Secondo gli osservatori questo trattamento riservato al leader di Ennahda è ha sostegno delle tesi del Partito costituzionale libero (PDL) di Abir Moussi la cui ossessione per l’eradicazione dell’Islam politico non solo ricorda la politica del regime dell’ex presidente Zine el-Abidine Ben Ali, ma mette in evidenza anche il suo rifiuto di accettare i diritti costituzionali fondamentali dei tunisini nell’organizzazione politica e libertà di espressione.

Abir Moussi ha chiesto la destituzione di Ghannouchi, sostenendo che la primavera araba e la fine della dittatura del paese non fossero che caos causato da una cospirazione di potenze straniere, e ribadendo che coloro che aderiscono all’Islam politico sono “terroristi” e i principali nemici della Tunisia.
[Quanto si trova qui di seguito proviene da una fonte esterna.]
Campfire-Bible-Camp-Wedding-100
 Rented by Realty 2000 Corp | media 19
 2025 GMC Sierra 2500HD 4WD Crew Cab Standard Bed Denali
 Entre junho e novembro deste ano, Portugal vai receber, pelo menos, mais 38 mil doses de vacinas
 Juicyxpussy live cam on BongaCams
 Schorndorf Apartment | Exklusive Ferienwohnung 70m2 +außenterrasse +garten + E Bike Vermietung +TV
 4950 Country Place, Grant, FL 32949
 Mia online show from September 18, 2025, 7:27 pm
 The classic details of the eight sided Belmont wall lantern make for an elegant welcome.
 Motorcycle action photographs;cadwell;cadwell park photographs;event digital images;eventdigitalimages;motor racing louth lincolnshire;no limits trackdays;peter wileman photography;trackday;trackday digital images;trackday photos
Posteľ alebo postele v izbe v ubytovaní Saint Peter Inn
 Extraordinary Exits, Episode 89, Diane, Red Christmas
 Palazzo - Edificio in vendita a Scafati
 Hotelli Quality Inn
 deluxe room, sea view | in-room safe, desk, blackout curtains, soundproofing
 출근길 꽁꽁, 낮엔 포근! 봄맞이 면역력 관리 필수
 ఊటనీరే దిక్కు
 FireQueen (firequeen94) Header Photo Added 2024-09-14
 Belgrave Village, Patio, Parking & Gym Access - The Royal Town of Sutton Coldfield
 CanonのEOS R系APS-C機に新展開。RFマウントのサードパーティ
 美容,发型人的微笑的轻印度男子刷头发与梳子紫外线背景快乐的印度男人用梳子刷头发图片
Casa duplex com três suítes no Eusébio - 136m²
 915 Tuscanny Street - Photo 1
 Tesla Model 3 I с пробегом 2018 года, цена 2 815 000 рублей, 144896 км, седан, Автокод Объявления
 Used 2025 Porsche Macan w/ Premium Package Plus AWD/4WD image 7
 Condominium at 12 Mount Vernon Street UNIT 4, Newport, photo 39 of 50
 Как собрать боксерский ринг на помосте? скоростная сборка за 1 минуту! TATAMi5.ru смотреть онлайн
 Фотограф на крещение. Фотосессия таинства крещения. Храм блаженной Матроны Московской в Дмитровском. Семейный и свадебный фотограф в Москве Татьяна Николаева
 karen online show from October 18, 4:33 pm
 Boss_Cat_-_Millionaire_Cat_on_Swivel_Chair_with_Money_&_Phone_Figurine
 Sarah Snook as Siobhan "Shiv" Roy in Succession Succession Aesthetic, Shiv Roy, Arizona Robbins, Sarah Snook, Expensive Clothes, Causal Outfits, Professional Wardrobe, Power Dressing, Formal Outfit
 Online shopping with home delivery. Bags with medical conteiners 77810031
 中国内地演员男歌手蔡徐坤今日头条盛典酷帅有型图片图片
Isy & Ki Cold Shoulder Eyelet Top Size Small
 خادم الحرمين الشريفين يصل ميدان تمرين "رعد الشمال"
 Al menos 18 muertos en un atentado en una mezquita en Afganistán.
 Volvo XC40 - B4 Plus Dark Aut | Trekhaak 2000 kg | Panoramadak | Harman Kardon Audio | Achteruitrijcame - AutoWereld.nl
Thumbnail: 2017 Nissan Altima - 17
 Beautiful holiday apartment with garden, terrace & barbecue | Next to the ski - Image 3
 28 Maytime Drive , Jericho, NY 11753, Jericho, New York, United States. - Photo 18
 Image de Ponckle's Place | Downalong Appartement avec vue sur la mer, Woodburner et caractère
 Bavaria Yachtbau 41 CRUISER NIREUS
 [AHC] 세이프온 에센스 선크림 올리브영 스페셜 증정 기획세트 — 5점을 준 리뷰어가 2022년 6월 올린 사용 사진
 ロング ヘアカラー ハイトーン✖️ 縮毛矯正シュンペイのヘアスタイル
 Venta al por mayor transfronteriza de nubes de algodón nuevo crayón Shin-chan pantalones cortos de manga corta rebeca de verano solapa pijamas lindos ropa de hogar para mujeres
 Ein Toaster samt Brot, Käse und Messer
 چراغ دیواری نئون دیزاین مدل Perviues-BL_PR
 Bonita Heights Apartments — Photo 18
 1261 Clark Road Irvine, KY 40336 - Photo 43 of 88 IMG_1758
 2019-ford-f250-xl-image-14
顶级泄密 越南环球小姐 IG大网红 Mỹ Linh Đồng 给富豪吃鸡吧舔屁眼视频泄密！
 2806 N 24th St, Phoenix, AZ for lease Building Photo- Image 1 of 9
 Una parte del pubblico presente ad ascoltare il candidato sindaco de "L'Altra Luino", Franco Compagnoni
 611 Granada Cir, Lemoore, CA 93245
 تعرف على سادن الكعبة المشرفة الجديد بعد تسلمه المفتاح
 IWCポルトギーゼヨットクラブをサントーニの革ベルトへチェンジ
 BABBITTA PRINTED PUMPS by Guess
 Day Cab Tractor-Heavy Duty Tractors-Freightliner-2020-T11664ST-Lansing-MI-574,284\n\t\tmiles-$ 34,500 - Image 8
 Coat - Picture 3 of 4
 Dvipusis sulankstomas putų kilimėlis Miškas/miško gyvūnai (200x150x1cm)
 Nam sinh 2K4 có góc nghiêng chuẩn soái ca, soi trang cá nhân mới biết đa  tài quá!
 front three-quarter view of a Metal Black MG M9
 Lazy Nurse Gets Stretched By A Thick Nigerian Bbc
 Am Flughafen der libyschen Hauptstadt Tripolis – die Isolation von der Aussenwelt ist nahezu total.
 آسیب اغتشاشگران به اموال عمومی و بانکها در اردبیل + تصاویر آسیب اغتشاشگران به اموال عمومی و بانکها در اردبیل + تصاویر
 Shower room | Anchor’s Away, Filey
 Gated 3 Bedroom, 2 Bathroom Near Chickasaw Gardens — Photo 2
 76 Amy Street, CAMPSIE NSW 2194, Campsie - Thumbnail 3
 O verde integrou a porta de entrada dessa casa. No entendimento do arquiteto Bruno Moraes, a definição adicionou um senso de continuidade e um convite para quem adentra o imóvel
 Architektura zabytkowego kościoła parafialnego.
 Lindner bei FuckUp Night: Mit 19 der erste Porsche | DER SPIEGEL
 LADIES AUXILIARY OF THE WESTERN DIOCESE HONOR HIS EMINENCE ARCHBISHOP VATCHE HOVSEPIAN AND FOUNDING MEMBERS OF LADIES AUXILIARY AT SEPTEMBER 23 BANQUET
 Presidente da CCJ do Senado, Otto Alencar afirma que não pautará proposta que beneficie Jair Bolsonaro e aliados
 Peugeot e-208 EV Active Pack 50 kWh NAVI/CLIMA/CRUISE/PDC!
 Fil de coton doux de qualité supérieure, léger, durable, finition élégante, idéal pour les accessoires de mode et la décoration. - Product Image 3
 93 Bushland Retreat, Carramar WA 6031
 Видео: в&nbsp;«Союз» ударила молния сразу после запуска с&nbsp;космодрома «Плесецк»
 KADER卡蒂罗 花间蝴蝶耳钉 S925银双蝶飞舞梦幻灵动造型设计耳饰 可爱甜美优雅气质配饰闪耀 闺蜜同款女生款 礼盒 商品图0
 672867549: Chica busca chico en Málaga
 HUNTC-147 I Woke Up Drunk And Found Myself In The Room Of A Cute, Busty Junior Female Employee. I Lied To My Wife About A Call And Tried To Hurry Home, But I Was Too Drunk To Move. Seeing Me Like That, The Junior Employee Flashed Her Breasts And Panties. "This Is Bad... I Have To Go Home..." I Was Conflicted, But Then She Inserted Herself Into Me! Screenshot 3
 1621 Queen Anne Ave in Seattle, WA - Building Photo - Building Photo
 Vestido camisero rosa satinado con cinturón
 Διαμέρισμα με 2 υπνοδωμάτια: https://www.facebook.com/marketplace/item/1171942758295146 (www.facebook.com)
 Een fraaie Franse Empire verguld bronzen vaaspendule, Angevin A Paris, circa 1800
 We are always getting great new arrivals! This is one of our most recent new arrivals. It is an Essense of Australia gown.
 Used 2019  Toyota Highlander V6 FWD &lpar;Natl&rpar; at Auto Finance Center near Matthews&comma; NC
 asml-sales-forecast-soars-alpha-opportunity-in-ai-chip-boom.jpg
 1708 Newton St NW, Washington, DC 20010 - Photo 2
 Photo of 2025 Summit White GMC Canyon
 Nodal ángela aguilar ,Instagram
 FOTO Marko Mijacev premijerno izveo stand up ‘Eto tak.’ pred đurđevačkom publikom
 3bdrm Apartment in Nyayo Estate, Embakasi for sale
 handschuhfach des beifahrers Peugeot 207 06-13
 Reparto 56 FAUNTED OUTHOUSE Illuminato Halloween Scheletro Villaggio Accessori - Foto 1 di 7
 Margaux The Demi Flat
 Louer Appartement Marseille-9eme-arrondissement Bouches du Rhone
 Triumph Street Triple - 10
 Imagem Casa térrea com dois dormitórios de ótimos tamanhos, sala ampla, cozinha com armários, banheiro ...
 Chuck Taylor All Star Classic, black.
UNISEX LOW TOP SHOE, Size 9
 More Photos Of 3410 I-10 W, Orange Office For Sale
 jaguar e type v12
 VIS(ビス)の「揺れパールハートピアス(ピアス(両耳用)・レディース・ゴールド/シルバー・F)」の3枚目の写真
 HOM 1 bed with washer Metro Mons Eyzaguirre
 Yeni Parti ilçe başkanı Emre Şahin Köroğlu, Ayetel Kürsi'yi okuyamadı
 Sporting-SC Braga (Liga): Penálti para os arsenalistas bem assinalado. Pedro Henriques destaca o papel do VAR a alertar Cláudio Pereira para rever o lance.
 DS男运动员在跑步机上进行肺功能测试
Moussi ha anche chiesto che i Fratelli Musulmani siano banditi dal parlamento tunisino.

E’ il leit motive dell’asse saudita-emiratino, che considera il processo di democratizzazione come una minaccia diretta per i loro regimi feudali.

La prova generale è stata il rovesciamento di Mohamed Morsi il primo presidente del Paese liberamente eletto in Egitto.

Gli Emirati hanno fatto recentemente pressioni sul governo britannico affinché pubblicasse un rapporto in cui si afferma che i Fratelli Musulmani sono coinvolti in operazioni terroristiche e non smettono di farle anche sugli Stati Uniti affinché dichiarino gli FM “un gruppo terroristico”. Al momento una risoluzione in tal senso è bloccata al Congresso, ma si teme che possa avere via libera se Donald Trump dovesse essere rieletto.

I Sauditi e gli Emirati appogiano in Libia i salafiti malkhaliti, un gruppo estremista, per contrastare i Fratelli Musulmani. La loro azione nel Paese nordafricano è un tassello importante nella guerra di quelle petromonarchie qualsiasi forza organizzata che proni verso democrazia.

Scegliendo Haftar gli Emirati e i Sauditi hanno scelto di sostenere la soluzione militare e spazzare via tutti i rivali ricostituendo un regime simile a quello dell’ex leader Muammar Gheddafi, basato sul despotismo.

Anche un rapporto delle Nazioni Unite pubblicato ad aprile ha evidenziato il profondo coinvolgimento degli Emirati Arabi Uniti nel sostegno ad Haftar.

Qualsiasi istanza istituzionale, democraticamente eletta e aperta alla diversità dei gruppi politici, incluso l’Islam politico e i Fratelli Musulmani – è respinta dagli Emirati e dai Sauditi.

La pressione sulla Tunisia

La campagna contro Rached Ghannouci s’iscrive in questo quadro e prende di mira anche i presidente tunisino Kais Saied che, in merito alla Libia sostiene la legittimità internazionale e l’accordo promosso dall’ONU che ha portato al riconoscimento del governo di unità nazionale (GNA).

Kais Saied insiste inoltre sulla ricerca di una soluzione pacifica ma anche questa posizione moderata sembra inaccettabile per i governi degli EAU e del Regno Saudita

D’altra parte il partito Ennahda, che ha conquistato il maggior numero di seggi nelle ultime elezioni legislative tunisine, difende apertamente il Governo di Tripoli e Rached Ghannouchi, ha recentemente parlato telefonicamente con il Primo Ministro libico Fayez al-Sarraj per congratularsi con lui a seguito della riconquista da parte del GNA della base aerea strategica di al-Watiya; questo coloquio è stato denunciato dalle opposizioni tunisine che lo hanno accusato di aver travalicato il suo ruolo istituzionale.

La stessa cosa avvenne diversi mesi fa, dopo la visita a sorpresa di Ghannouchi in Turchia per incontrare il presidente Recep Tayyip Erdoğan.